Activity =>
Your output is the line containing "Estante azul em pinho para arrumação" plus every line after it in the listing, reproduced exactly.

Records for processing =>
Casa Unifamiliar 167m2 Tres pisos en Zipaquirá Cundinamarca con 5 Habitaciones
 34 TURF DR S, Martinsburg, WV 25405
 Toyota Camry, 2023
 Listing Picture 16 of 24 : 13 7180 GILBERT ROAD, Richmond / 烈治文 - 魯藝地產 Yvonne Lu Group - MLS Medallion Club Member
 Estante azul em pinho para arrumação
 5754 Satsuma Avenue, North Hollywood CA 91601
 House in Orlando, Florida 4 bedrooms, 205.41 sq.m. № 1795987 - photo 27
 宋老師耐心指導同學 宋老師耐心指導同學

Answer area =>
 Estante azul em pinho para arrumação
 5754 Satsuma Avenue, North Hollywood CA 91601
 House in Orlando, Florida 4 bedrooms, 205.41 sq.m. № 1795987 - photo 27
 宋老師耐心指導同學 宋老師耐心指導同學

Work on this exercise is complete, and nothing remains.